Growing up, Kelly Moran spent so much time at hospitals and clinics with her radiologist father that a career as a doctor seemed natural.
But she changed her mind after visiting a medical school as a Clemson University undergraduate. “I enjoyed the disease and epidemiology and population side of medicine, but I didn’t enjoy the needles and labs,” Moran says. She was unsure what to do, but a paper from a Los Alamos National Laboratory (LANL) epidemiology research group got her attention. She emailed the authors and got a job.
The team included statistician David Osthus. “He had the most useful and intuitive and practical insights” into the data and the team’s project, Moran says. That piqued an interest in statistics and she headed to graduate school at Duke University, where she studies with advisor Amy Herring under a Department of Energy Computational Science Graduate Fellowship (DOE CSGF).
“There are all these questions you don’t really know the answer to intuitively,” Moran says, “like how do you take this data stream and turn it into useful information. That’s where statistics comes in.” Instead of becoming a niche expert, she prefers “learning a logic to how you can understand and process these masses of data that are being created today.”
The LANL project sought methods to use Internet data, such as searches and hits on Wikipedia articles, to forecast global disease or local medical trends. She helped assess whether such an approach also could be used to predict plant and animal disease – a more difficult task because “a cow can’t Google its symptoms.”
That led her into her current research, which also seeks useful insights in data troves. Moran applies methods for dimension reduction, which finds simpler underlying structures in complex data sets, making it easier to identify key elements.
For instance, Moran says, statistics on how often people have a cough or a fever or search the Internet for “flu” are underlying measurements of people suffering from a respiratory illness. “You don’t necessarily need to know all of those exact details if there’s this underlying concept of sickness you’re trying to get at.”
One project took Moran to the African country of Tanzania to study verbal autopsy data – structured interviews with next of kin about symptoms a person exhibited before dying. Dimension-reduction could help understand those data and predict new deaths from the same condition.
In another study, Moran applied joint dimension reduction to toxicology, analyzing data on a chemical’s molecular structure and harmfulness at varying doses. The method could produce an underlying data structure that can help predict the dose response for an untested chemical.
Moran returned to LANL for two DOE CSGF summer practicums, working each time with Earl Lawrence in the Statistical Sciences Group. In 2017, she focused on statistical emulators, programs that predict, given a set of input conditions, what a large, time-consuming computer simulation would produce, along with uncertainty in that outcome.
“The big idea is that if you have some computer simulation that takes a super-long time to run,” such as a day or more, researchers could use an emulator to quickly test input settings without running the full model.
The project focused on dynamic compression experiments at DOE’s SLAC National Accelerator Laboratory, in which lasers blasts squeeze materials to quantify their responses. Researchers must perform as many tests as possible in a limited time. A statistical emulator can help them quickly identify promising parameters for their next experiment. The LANL group’s code targeted velocity data.

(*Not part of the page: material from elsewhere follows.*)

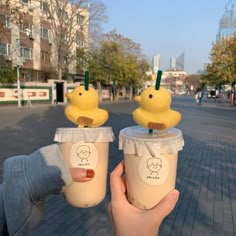 two plastic cups with yellow rubber ducks on top, one holding a drink and the other holding a straw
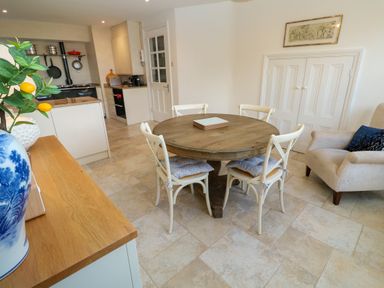 A dining area with a round wooden table and four chairs next to a kitchen and an armchair at Hindon Hall in Lelant near Carbis Bay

During her practicum, Moran improved algorithms that automatically produce emulators and the techniques to calibrate them. She incorporated uncertainty into prediction outputs, directing experimental researchers toward promising parameters.
Moran’s 2018 practicum aimed to accelerate the emulators, making them more practical for experimentalists. “We were trying to get this system to be as automated as possible,” with emulators already trained on data from the target model. Unfortunately, the software Moran chose for the task wasn’t particularly fast in handling data. “It ended up being a dead end, but the goal remains the same.”
For summer 2019, Moran is back at Los Alamos for a third practicum, working again with Osthus. They’re studying influenza forecasts from Internet-based disease surveillance models to better understand when and why they do well or fall short.
With all the time she’s spent at Los Alamos, it seems logical that Moran would end up there after graduation, sometime in 2020, but she also plans to apply elsewhere.
Image caption: A summary of select associations between signs or symptoms in a verbal autopsy data set. For example, across all decedents (bottom row), the association between these particular symptoms weakens with age (lighter colors). This could be because older people tend to have more ailments in general while younger people likely experience clusters of symptoms relating to a specific illness. Generally, these associations differ across both age and cause of death (COD), highlighting the importance of modeling these data in a way that allows covariance between symptoms that diverges by covariate and cause. Each subplot corresponds to the association between select signs or symptoms in the data as calculated by Yule's Q (a measure of association with a possible range -1 to 1). The subplot rows correspond to CODs: from top to bottom AIDS/TB (757 deaths), cardiovascular (793 deaths), injuries (839 deaths), and all causes (7,365 deaths). The subplot columns correspond to age groups: from left to right 12-24, 25-44, 45-64, 65+ and all adults. Sample sizes for each combination of COD/age group are shown in the top left of the subplots. Credit: Kelly Moran.